Choisi pour être à la tête du Corps Municipal de la Ville de Paris, M. Bignon porta dans cette place l’amour du bien, de grandes vues d’utilité publique, un zèle pour les droits & les intérêts de la Ville qui ne se ralentit jamais.

Ses projets pour l’embellissement de la Capitale, avoient obtenu les éloges de tous les gens de goût, & l’approbation du Roi ; mais bien moins sensible à la gloire qui pourroit lui revenir de l’exécution, qu’attaché à l’économie trop souvent négligée dans les grandes places, M. Bignon sut préférer à ce qui lui étoit personnel, le plus sacré de tous les objets, celui de ne pas augmenter les charges du peuple & de parvenir à la liquidation des dettes de la Ville.

Par un désintéressement qui sera plus admiré qu’imité, le premier des droits de Prévôts des Marchands qu’il exerça, fut de retrancher la moitié de ses appointemens, & ce ne fut pas la seule occasion où il voulut supporter le premier la suppression des dépenses qu’il ne croyoit pas indispensables.

Tant de droiture & de sagesse ne pouvoient manquer de faire de M. Bignon un Académicien digne de l’estime de cette Compagnie. La Charge si noble & si importante d’Intendant & de Garde de la Bibliothèque du Roi, lui donna de fréquentes occasions d’obliger les Gens de Lettres ; il leur faisoit part avec les attentions les plus recherchées du trésor qui lui étoit confié : les places dont il disposoit furent toujours données avec discernement : des fonds destinés à la Bibliothèque, une partie fut employée à l’augmenter, le reste à soutenir les talens sans fortune, & à soulager le mérite indigent : ses secours ont adouci la vieillesse d’un de nos meilleurs Poètes Tragiques.

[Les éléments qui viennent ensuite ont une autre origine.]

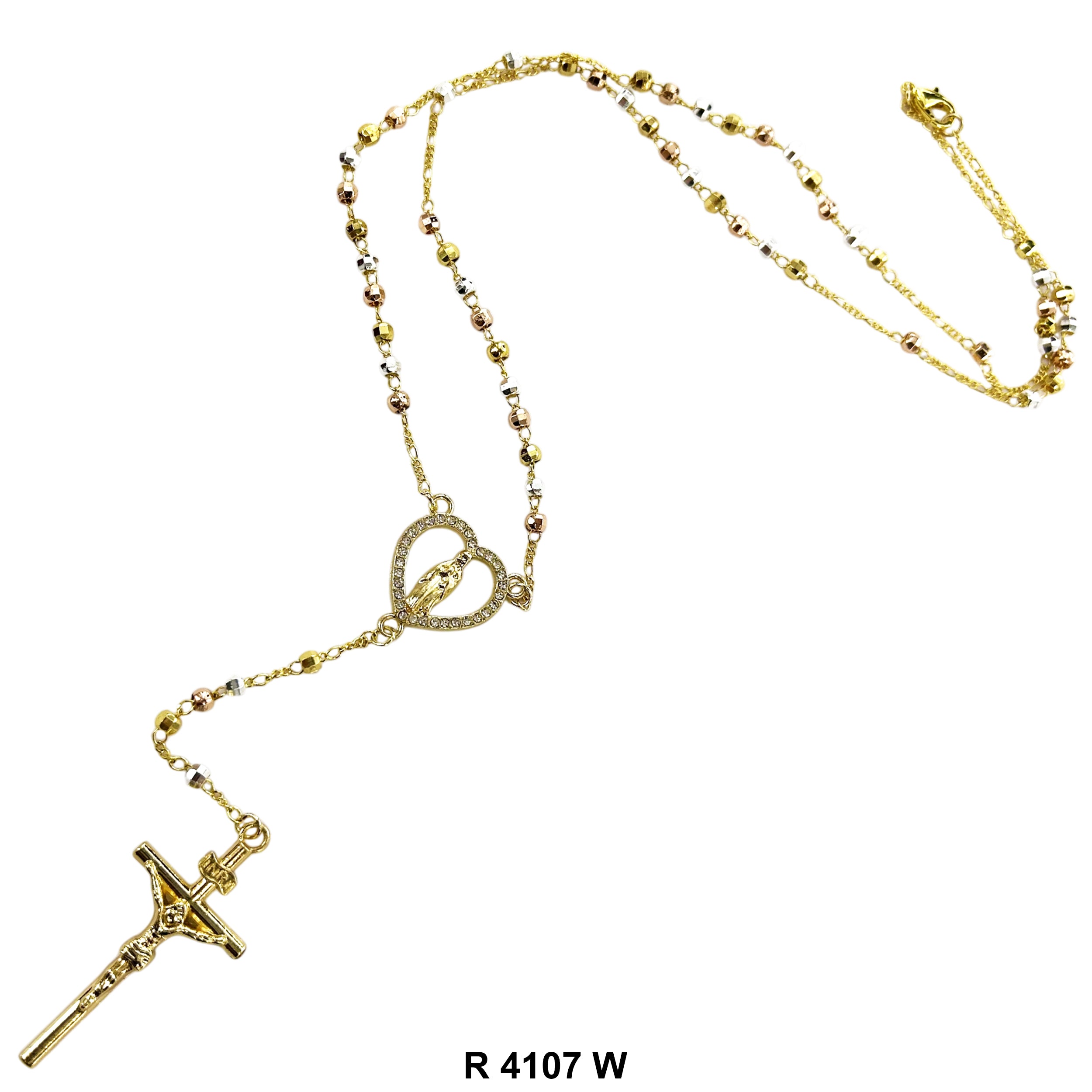 6 MM Guadalupe Disco Ball Beads Rosary R 4107 W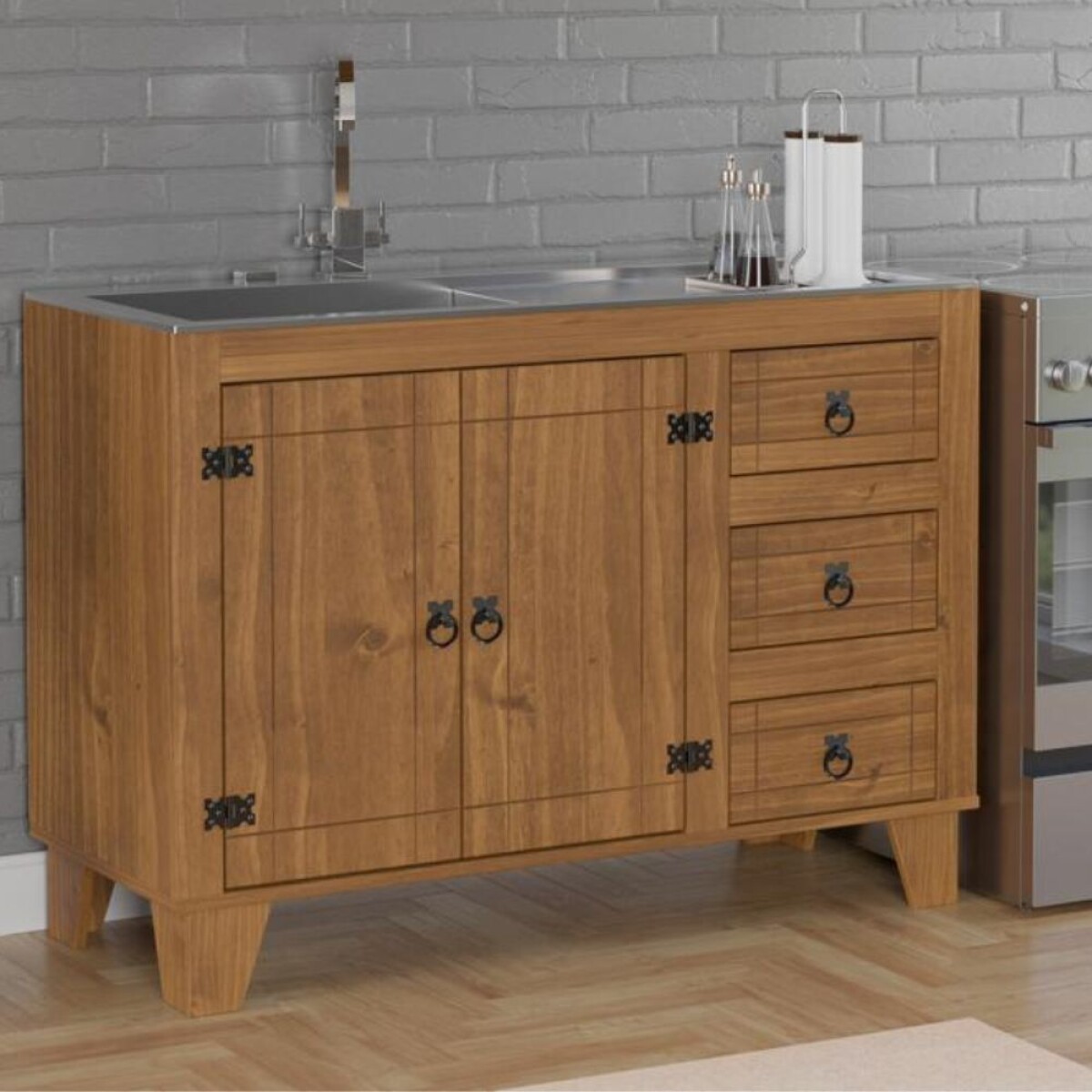 Bajo Mesada 2 Puertas 3 Cajones Linea Naturale - Roble 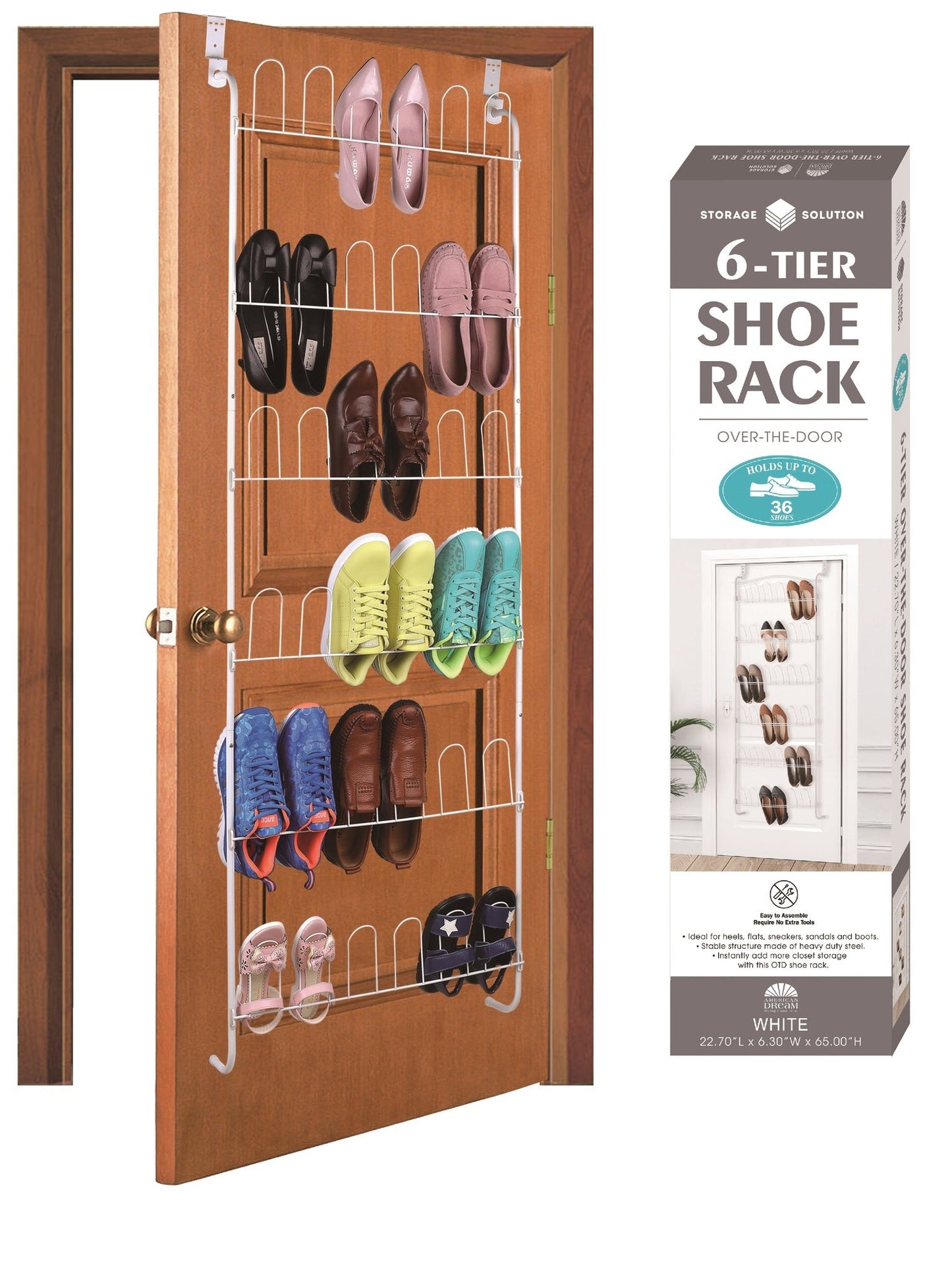 6Tier OvertheDoor Shoe Rack, Holds 36 Shoes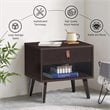 Costway Contemporary Chipboards and MDF Multifunctional Nightstand in Espresso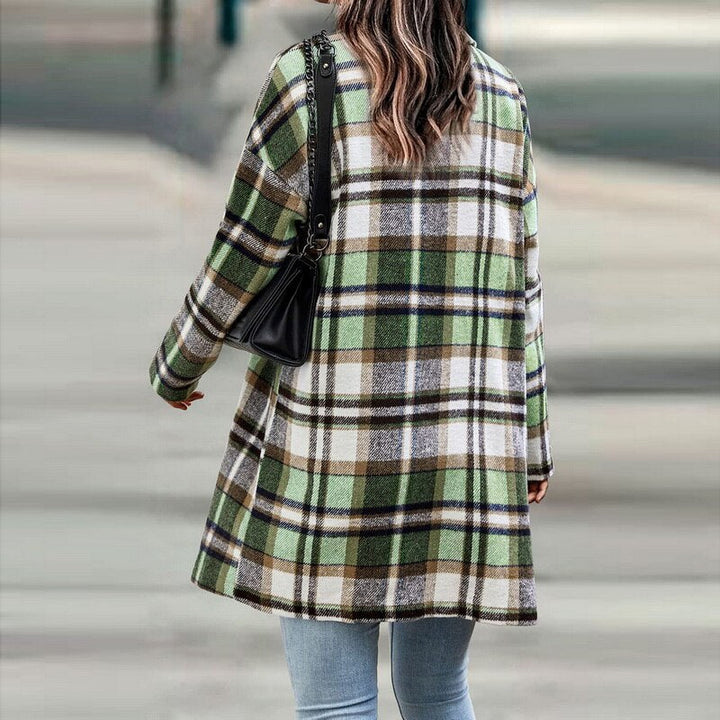 Women's elegant black plaid jacket, a comfortable and chic option for casual fall style.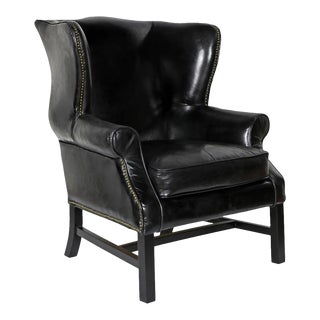 Matthew Izzo Home Black Leather Carlisle Wingback Chair For Sale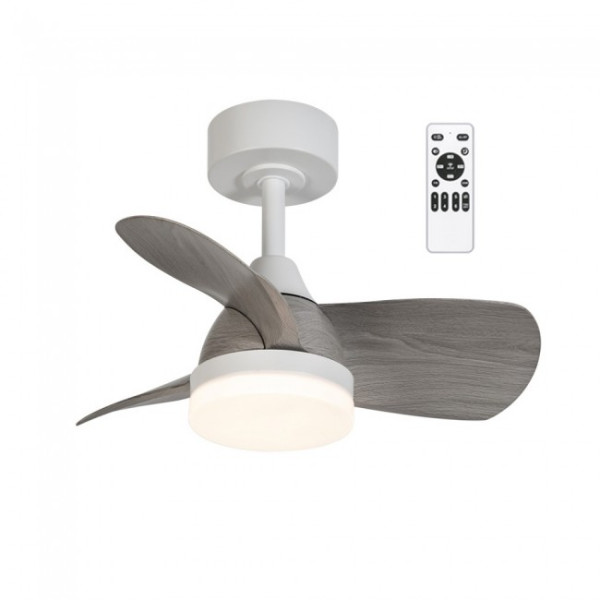 Ventilador de teto LED Borse Mini Branco+Cinza CCT Dim (18W) D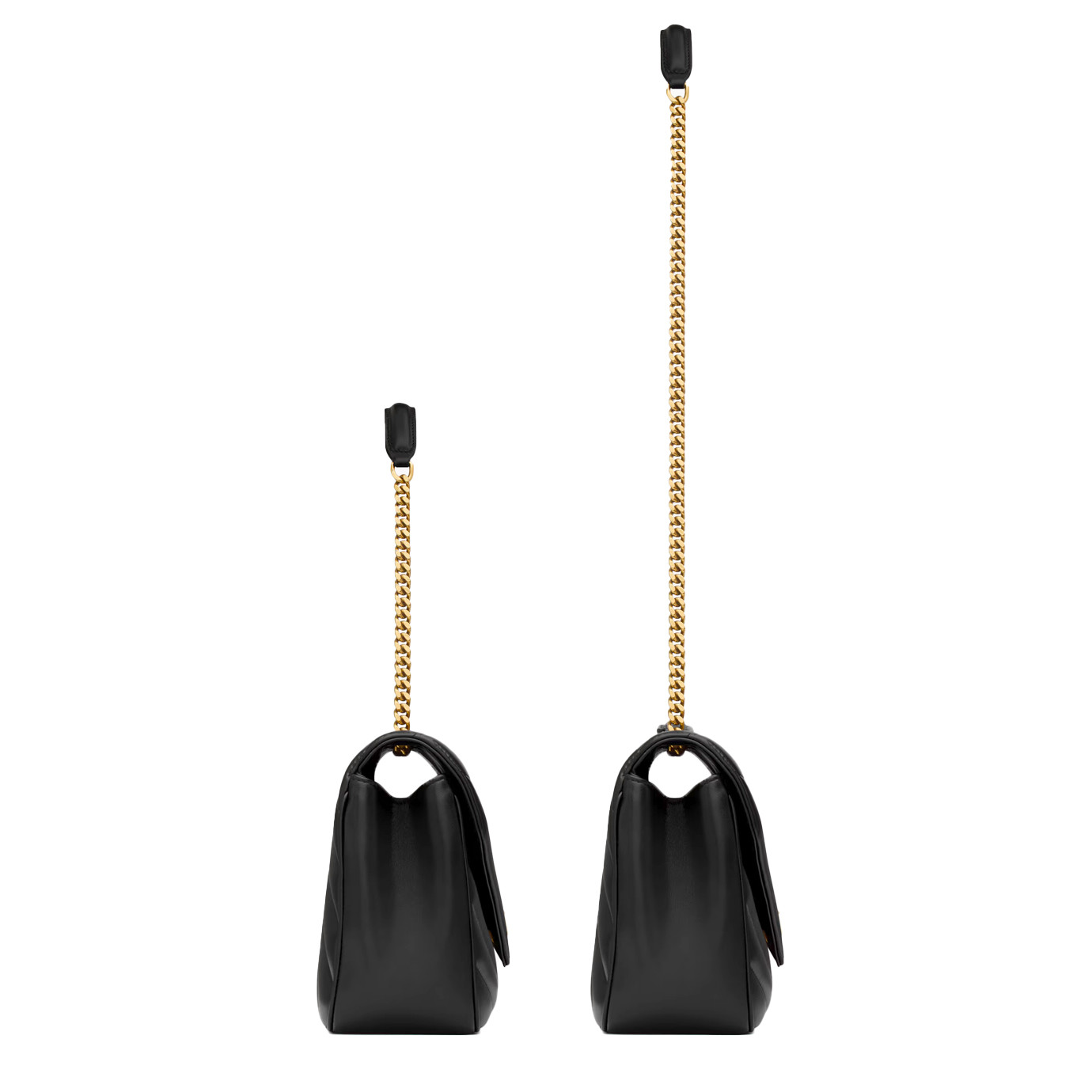 Visuel 4 : Saint Laurent Sac | Loulou medium en cuir noir et or | Boutique Parenthese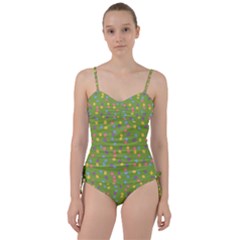 Balloon Grass Party Green Purple Sweetheart Tankini Set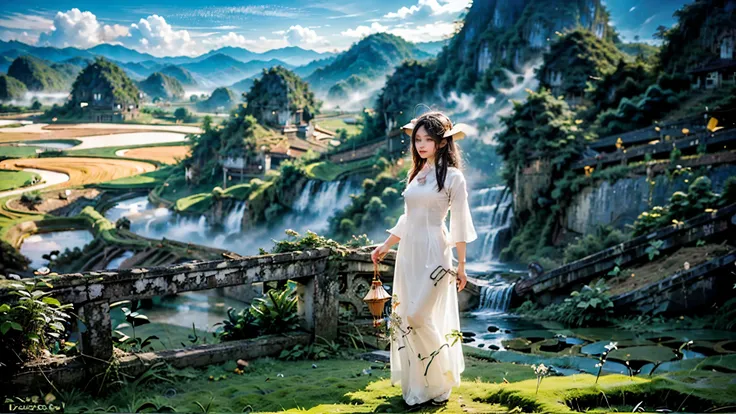 ((A beautiful picture depicting a Vietnamese hometown)), The focus of the scene is on a field with steps leading up to a staircase. In the field, there are Vietnamese farmers working diligently. The atmosphere is filled with the warm glow of beautiful suns...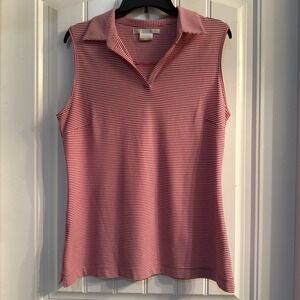 Nike Golf Women's Dri-Fit Polo Shirt Sleeveless Top Large Red And White Stripes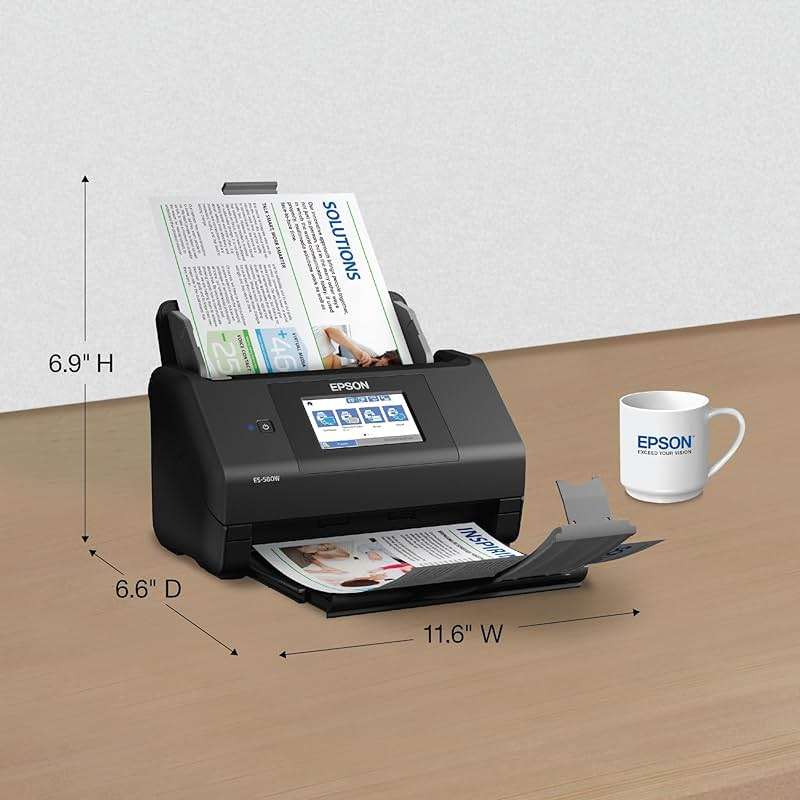 Epson Workforce ES-580W Wireless Color Duplex Desktop Document Scanner for Computers Including PC and Mac with 100 Sheet ADF Auto Feeder and Intuitive 4.3 in Touchscreen, Black - Image 4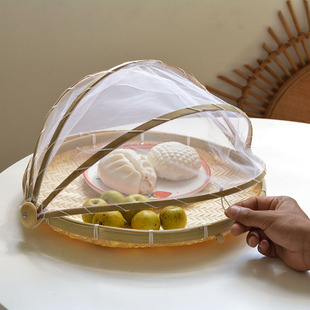 Drying basket household steamed bread round dustpan bamboo woven ethnic shallow mouth decorative bamboo woven handmade dustpan mosquito-proof vegetable cover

Les rapports de M. Bignon avec la Cour & ses liaisons de parenté & d’amitié avec plusieurs Ministres, ne lui inspirèrent jamais le goût de l’intrigue, ni cette envie de dominer dans l’Académie, qu’on avoit pu reprocher à un de ses oncles ; il conserva toujours cette pureté d’intention & cette simplicité de conduite si recommandables dans la Société en général, peut-être plus rares & plus nécessaires encore dans les Compagnies Littéraires, où l’égalité & la liberté doivent faire le bonheur & la gloire de ceux qui les composent.